On Wednesday, Duncan Park concluded its summer youth tennis program, and instead of a regular camp day, the park hosted a fun day for the campers. The event lasted from 5:30 to 7 p.m.
“We’ve had these kids for eight weeks, and we’re having a little fun day, where they can win prizes and eat cake,” said Henry Harris, Duncan Park’s tennis director.
“All of these kids are campers, and these activities teach them how to hit backhands, forehands and volleys.”
And those are the main types of swings Harris wants his younger campers to focus on developing, he said.
“You don’t want to teach them the serve at such a young age, because you don’t want to mess up their shoulders and arms,” he said.
Harris said he was pleased with how the summer camp went this year, even though they had to cut down on class sizes.
“We’re used to having about 90 kids, but this year we had to bring it down to about 50. We usually have two Alcorn State tennis players help us teach, but one went back to India and the other to Mexico,” Harris said.
“Having the smaller class sizes with less instructors allowed us to get every kid the fundamentals of learning tennis, as well as getting on the court and actually having court experience.”
Cierra Smith, an 11th grader at Natchez High School, said she enjoyed the camp this year, but definitely preferred the larger groups of the past.
“It does give you an advantage in a way, but I do kind of like a larger group, because there’s more competition,” Smith said.
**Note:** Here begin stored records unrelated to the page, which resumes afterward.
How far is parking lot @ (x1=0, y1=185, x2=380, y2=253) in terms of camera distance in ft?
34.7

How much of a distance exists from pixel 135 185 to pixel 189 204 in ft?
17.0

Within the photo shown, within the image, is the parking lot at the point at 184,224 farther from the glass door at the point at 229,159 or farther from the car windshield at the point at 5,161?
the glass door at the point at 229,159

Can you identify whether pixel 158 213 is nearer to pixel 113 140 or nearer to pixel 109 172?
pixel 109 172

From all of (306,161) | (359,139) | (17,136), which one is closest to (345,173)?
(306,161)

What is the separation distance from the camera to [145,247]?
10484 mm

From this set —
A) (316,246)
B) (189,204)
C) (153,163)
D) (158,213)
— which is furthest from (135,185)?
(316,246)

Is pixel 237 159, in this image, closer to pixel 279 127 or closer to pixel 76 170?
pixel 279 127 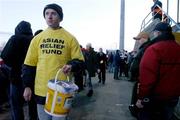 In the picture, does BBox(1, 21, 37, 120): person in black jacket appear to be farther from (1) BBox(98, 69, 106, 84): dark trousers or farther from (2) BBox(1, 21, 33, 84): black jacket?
(1) BBox(98, 69, 106, 84): dark trousers

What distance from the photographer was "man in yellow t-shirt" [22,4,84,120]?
16.8 ft

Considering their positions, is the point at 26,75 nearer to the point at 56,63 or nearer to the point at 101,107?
the point at 56,63

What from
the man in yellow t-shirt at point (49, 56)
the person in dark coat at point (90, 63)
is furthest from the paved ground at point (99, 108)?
the man in yellow t-shirt at point (49, 56)

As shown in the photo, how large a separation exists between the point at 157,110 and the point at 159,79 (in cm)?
40

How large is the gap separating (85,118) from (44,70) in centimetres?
506

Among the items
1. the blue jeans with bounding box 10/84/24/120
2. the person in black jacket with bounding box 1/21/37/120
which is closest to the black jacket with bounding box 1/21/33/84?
the person in black jacket with bounding box 1/21/37/120

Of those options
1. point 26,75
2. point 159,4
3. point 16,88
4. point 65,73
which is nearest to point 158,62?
point 65,73

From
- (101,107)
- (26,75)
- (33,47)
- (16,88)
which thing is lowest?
(101,107)

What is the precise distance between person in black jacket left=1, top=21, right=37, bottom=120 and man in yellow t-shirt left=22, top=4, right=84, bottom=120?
1795 millimetres

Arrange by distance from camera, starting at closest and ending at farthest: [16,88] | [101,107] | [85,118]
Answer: [16,88] < [85,118] < [101,107]

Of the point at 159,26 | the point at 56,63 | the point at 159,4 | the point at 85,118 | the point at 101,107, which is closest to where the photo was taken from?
the point at 56,63

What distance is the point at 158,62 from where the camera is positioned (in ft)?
17.7

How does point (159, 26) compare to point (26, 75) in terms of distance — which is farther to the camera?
point (159, 26)

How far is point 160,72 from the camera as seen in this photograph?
542 cm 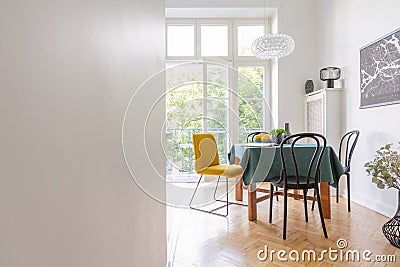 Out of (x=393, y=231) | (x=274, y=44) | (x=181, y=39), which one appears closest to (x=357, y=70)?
(x=274, y=44)

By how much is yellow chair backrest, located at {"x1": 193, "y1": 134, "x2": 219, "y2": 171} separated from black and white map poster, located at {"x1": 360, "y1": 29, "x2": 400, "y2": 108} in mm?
1954

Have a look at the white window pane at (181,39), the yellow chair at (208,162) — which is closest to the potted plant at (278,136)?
the yellow chair at (208,162)

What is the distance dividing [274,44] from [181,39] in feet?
7.16

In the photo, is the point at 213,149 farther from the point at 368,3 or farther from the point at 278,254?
the point at 368,3

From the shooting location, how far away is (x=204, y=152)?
334 cm

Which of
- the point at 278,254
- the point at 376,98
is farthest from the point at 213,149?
the point at 376,98

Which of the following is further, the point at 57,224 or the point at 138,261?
the point at 138,261

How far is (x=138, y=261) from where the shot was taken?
2.94 ft

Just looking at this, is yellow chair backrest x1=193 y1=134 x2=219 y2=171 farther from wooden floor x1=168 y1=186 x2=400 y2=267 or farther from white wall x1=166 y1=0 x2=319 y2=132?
white wall x1=166 y1=0 x2=319 y2=132

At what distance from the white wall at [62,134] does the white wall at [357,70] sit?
315 cm

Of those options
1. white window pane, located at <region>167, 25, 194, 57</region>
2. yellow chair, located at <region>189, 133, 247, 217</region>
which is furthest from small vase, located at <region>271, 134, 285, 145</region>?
white window pane, located at <region>167, 25, 194, 57</region>

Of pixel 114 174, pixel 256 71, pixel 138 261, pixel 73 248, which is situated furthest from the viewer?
pixel 256 71

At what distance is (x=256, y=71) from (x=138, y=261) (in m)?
5.03

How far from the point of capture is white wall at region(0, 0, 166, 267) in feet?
0.88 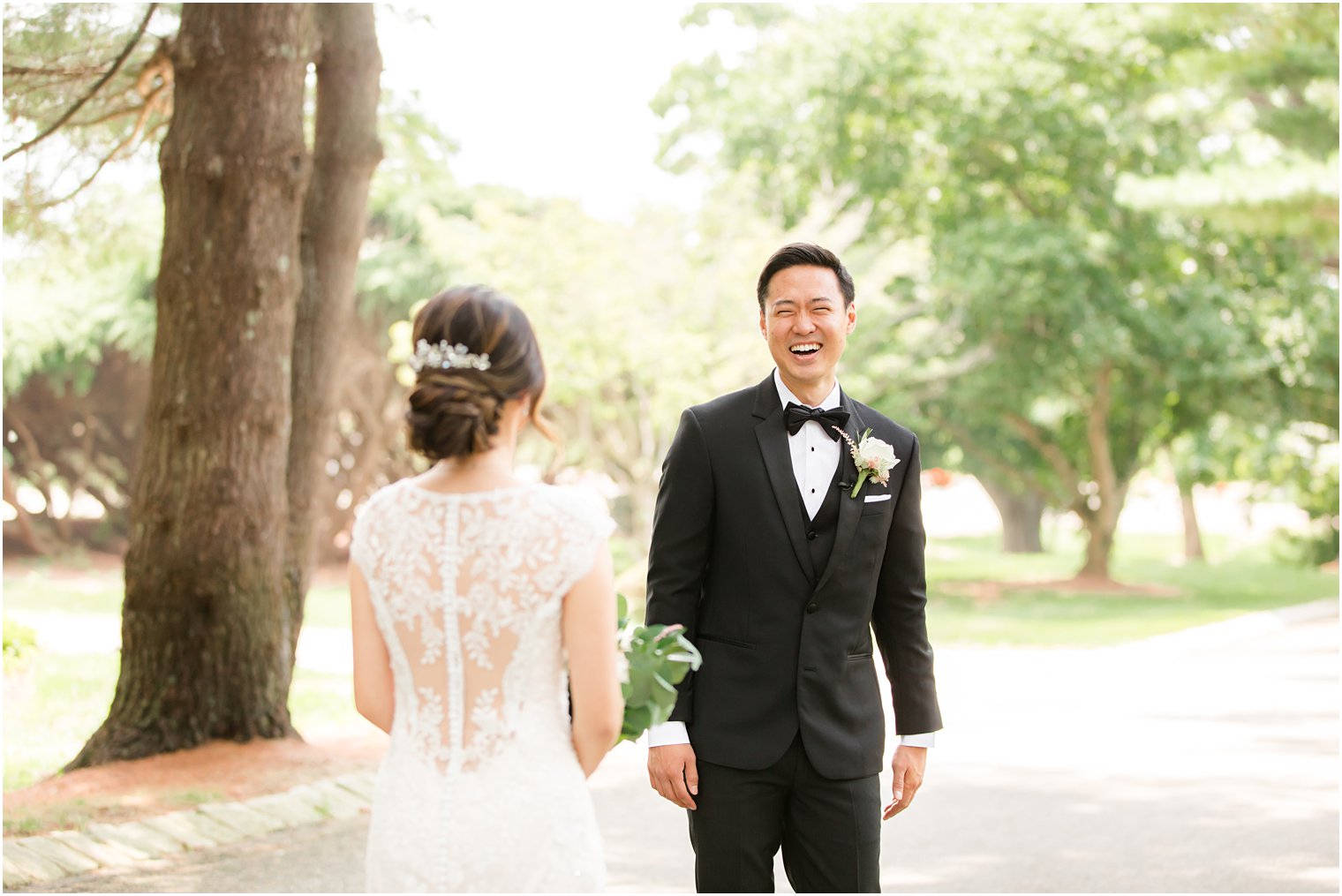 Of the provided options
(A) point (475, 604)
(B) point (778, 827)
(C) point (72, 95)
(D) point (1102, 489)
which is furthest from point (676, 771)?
(D) point (1102, 489)

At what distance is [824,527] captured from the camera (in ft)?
11.4

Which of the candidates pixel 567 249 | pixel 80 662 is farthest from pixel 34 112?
pixel 567 249

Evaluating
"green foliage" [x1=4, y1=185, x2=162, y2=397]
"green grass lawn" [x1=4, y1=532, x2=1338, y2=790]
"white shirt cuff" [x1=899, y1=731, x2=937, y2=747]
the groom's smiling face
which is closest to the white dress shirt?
"white shirt cuff" [x1=899, y1=731, x2=937, y2=747]

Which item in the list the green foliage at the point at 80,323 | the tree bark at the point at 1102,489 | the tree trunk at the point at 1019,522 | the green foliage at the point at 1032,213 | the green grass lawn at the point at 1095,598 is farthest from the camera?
the tree trunk at the point at 1019,522

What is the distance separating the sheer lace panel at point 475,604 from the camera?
2.55 meters

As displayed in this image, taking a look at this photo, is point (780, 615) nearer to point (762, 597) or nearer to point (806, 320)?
point (762, 597)

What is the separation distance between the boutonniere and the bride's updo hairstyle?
1.11 m

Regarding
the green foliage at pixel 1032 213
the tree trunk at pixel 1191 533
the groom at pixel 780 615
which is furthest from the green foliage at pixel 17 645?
the tree trunk at pixel 1191 533

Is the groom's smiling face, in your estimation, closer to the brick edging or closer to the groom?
the groom

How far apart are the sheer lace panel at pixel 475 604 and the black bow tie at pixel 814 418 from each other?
1.04 metres

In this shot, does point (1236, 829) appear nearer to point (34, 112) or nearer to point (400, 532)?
point (400, 532)

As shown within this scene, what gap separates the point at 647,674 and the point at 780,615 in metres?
0.65

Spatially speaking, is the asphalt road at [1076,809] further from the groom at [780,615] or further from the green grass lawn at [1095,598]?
the green grass lawn at [1095,598]

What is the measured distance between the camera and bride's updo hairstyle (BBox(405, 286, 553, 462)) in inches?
99.6
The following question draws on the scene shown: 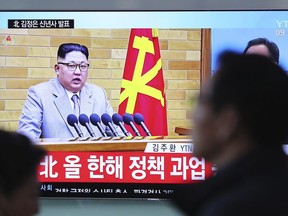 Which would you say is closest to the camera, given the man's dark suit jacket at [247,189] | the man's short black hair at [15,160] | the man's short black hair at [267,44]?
the man's dark suit jacket at [247,189]

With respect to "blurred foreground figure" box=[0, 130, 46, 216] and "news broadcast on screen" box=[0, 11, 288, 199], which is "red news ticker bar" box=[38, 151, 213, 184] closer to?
"news broadcast on screen" box=[0, 11, 288, 199]

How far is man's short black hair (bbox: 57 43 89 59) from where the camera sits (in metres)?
4.45

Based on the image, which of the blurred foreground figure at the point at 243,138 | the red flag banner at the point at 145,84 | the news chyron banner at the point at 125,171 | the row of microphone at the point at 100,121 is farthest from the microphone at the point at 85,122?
the blurred foreground figure at the point at 243,138

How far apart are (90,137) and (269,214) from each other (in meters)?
3.42

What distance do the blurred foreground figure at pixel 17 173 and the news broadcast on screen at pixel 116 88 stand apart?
9.87ft

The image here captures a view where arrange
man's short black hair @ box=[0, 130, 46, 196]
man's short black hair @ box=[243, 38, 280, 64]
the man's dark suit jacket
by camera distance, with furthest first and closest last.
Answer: man's short black hair @ box=[243, 38, 280, 64]
man's short black hair @ box=[0, 130, 46, 196]
the man's dark suit jacket

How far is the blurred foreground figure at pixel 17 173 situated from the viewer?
4.47ft

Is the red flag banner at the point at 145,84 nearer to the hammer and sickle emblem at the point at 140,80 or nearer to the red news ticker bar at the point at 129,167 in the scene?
the hammer and sickle emblem at the point at 140,80

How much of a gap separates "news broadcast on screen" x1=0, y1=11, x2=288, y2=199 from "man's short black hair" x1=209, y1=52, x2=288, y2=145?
317 centimetres

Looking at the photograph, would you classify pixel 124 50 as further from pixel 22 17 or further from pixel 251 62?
pixel 251 62

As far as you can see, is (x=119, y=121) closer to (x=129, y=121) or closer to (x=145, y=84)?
(x=129, y=121)

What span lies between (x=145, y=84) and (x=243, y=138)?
3.25 metres

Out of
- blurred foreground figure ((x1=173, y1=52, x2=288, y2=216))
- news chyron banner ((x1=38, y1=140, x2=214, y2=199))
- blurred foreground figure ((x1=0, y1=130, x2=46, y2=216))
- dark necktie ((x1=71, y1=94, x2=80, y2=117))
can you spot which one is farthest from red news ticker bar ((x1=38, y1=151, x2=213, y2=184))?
blurred foreground figure ((x1=173, y1=52, x2=288, y2=216))

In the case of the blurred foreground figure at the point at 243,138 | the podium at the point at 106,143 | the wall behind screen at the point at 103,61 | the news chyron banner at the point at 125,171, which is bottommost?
the news chyron banner at the point at 125,171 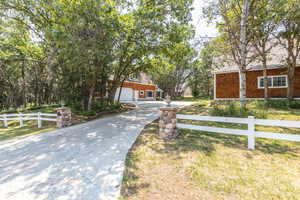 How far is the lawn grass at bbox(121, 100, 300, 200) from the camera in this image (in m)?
2.43

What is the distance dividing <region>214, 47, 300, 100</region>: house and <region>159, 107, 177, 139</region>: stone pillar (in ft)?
26.5

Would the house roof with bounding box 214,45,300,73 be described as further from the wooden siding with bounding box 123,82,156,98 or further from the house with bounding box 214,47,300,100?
the wooden siding with bounding box 123,82,156,98

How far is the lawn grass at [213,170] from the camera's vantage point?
2.43m

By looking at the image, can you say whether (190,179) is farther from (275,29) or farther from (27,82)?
(27,82)

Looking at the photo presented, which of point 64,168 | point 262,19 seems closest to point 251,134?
point 64,168

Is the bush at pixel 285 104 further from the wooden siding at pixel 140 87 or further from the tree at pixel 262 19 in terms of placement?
the wooden siding at pixel 140 87

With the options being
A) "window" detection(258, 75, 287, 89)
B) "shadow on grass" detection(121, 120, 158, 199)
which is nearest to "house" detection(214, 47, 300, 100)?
"window" detection(258, 75, 287, 89)

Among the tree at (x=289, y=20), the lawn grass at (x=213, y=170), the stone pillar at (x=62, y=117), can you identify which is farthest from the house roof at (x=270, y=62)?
the stone pillar at (x=62, y=117)

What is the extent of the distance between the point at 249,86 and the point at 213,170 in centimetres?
1322

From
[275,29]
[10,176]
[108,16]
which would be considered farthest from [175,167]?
[275,29]

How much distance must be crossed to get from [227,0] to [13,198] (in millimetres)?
11382

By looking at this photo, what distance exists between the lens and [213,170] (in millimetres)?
3057

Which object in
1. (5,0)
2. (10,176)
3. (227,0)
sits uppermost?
(5,0)

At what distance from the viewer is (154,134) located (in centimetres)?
570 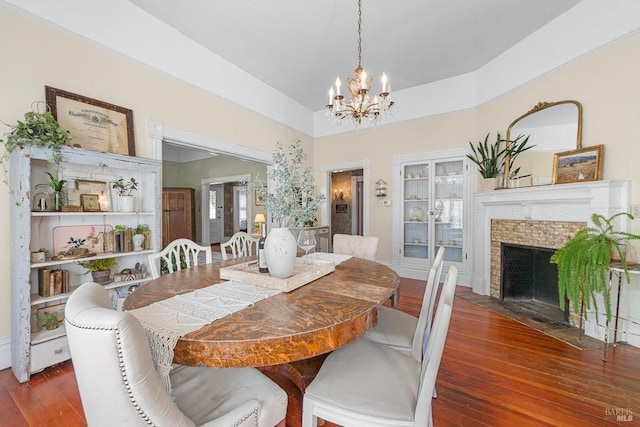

Even so, Smith also said she got a lot of much-needed practice time in at the camp this summer.
“It’s very important getting that practice time in, because I notice if you miss at least two or three days, you slack off with your game. You have to constantly practice to get better,” she said.
Harris said children from all over the Miss-Lou have a promising future in tennis.
“We have kids from Waterproof, (La.), and Wilkinson County, and they’ll feed into WCCA and Tensas Academy to play tennis. We also had kids that will feed into the four local schools,” Harris said.
“Exercise is the biggest thing we’re teaching them — having a work ethic and getting their body into shape. Starting them at ages 4 to 6, they’re getting a sport where, when softball, football and baseball leaves them, they can go on a court and play tennis with their kids or parents.”
Smith, who has been attending the camp since eighth grade, said she’s improved on aspects of her game as a result.
“I got better on my serves and my backhands, but I definitely still have to work on my serves,” Smith said.